→ **Your objective**
Leaving out the images, repeat all the lines below exactly.
───── Provided data ─────
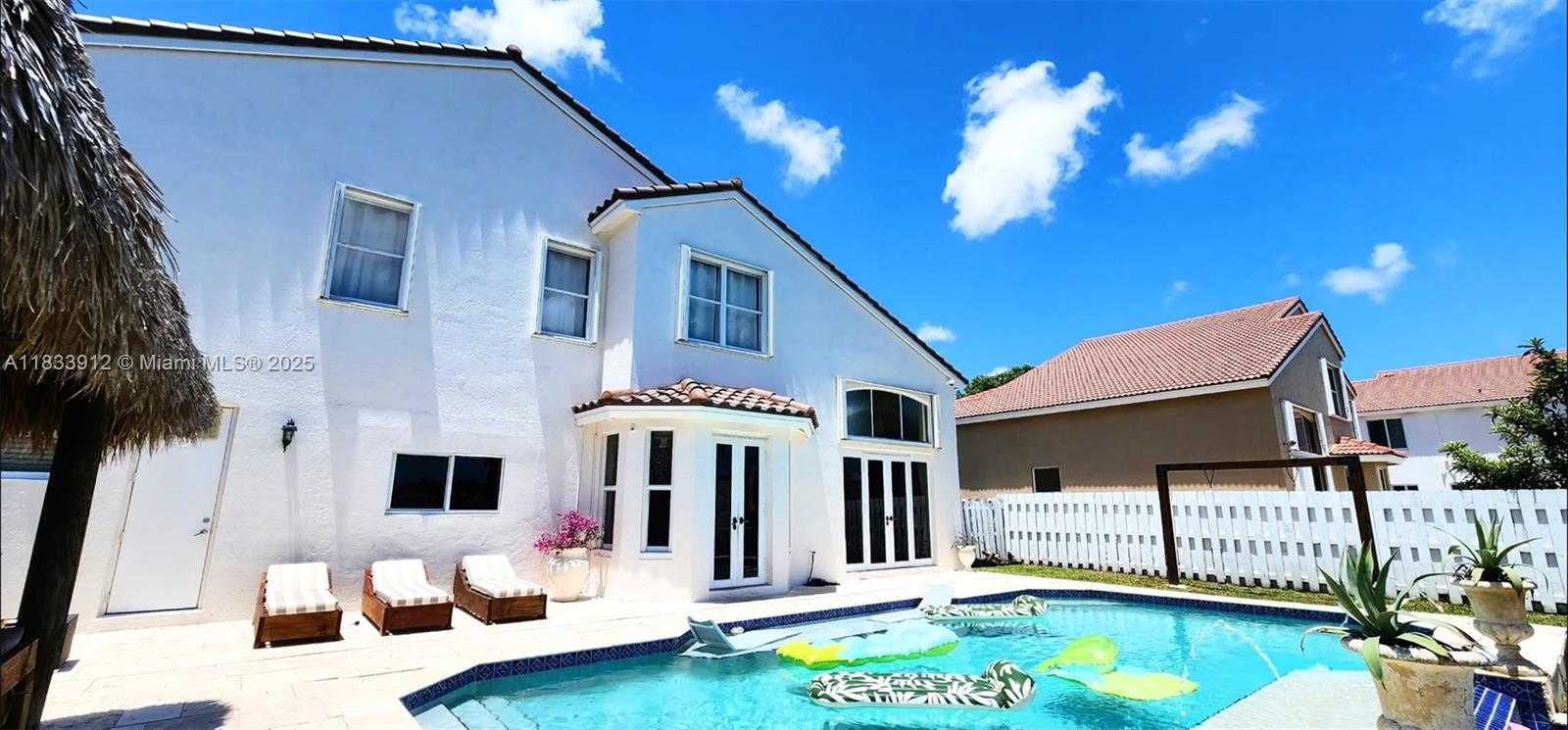 Small Image of 3460 SOUTH WEST 52ND ST, Hollywood Number 35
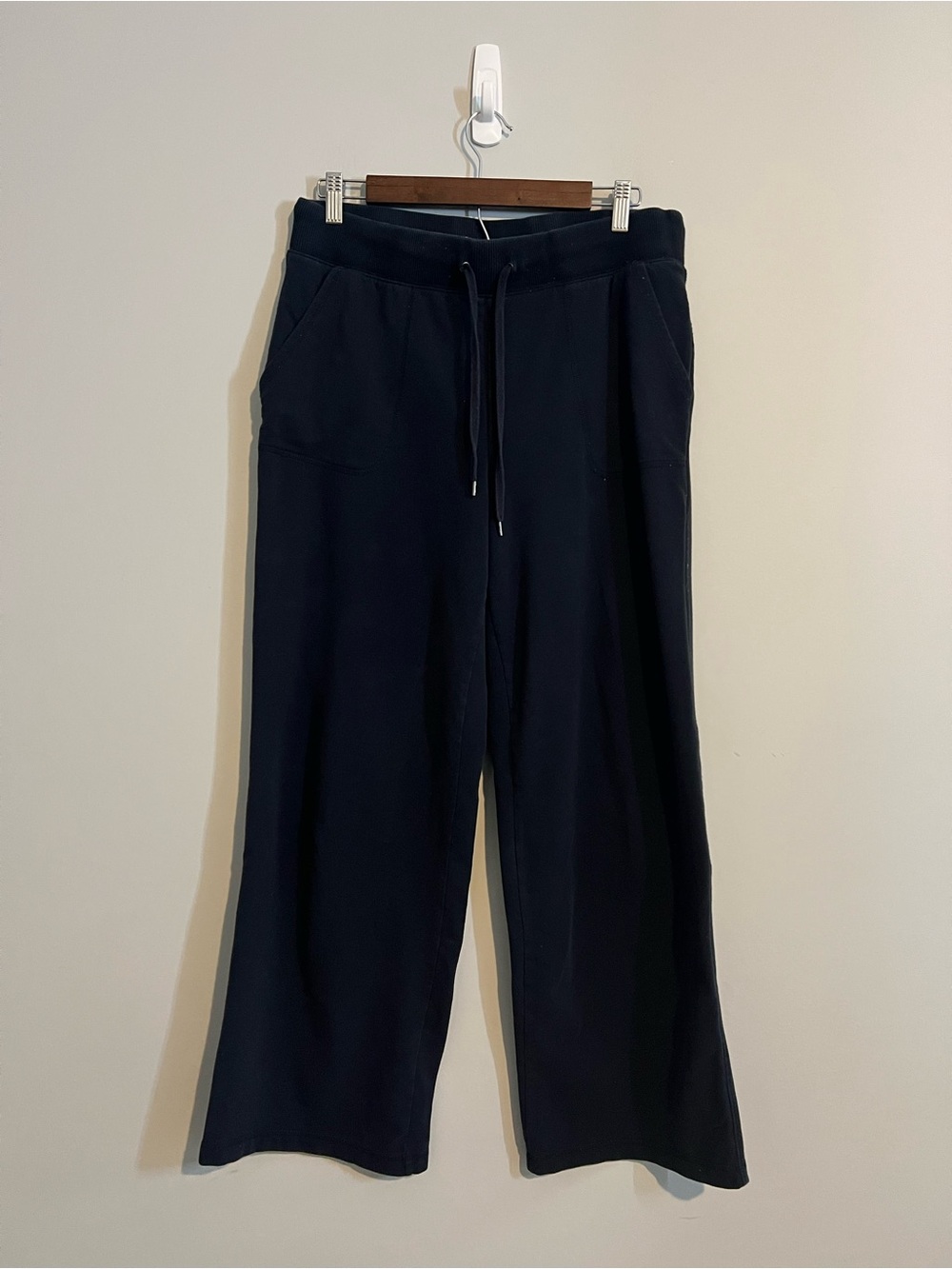 L.L. Bean Wide-Leg Drawstring Sweatpants Women’s Size Medium
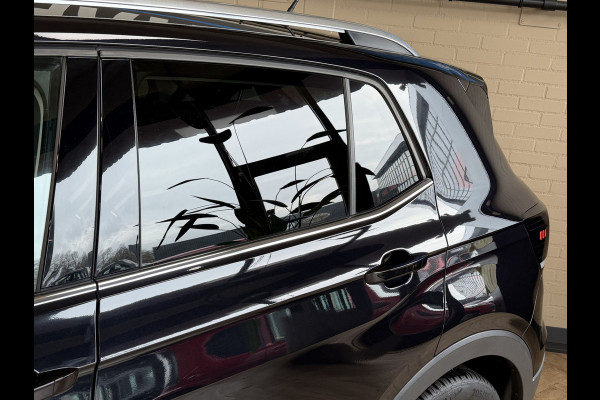 Volkswagen T-Cross 1.0 TSI AUT Style | Navi | Beats | Camera | 17 " | PDC V+A | Dode hoek | 100% Volkswagen dealer onderhouden!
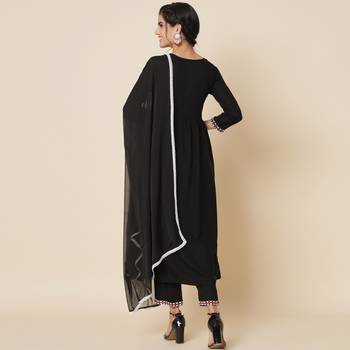 Black and White Ethnic Embroidered Kurta Pants Set with Dupatta 3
─────
→ **Exercise result**
 Small Image of 3460 SOUTH WEST 52ND ST, Hollywood Number 35
 L.L. Bean Wide-Leg Drawstring Sweatpants Women’s Size Medium
 Volkswagen T-Cross 1.0 TSI AUT Style | Navi | Beats | Camera | 17 " | PDC V+A | Dode hoek | 100% Volkswagen dealer onderhouden!
 Black and White Ethnic Embroidered Kurta Pants Set with Dupatta 3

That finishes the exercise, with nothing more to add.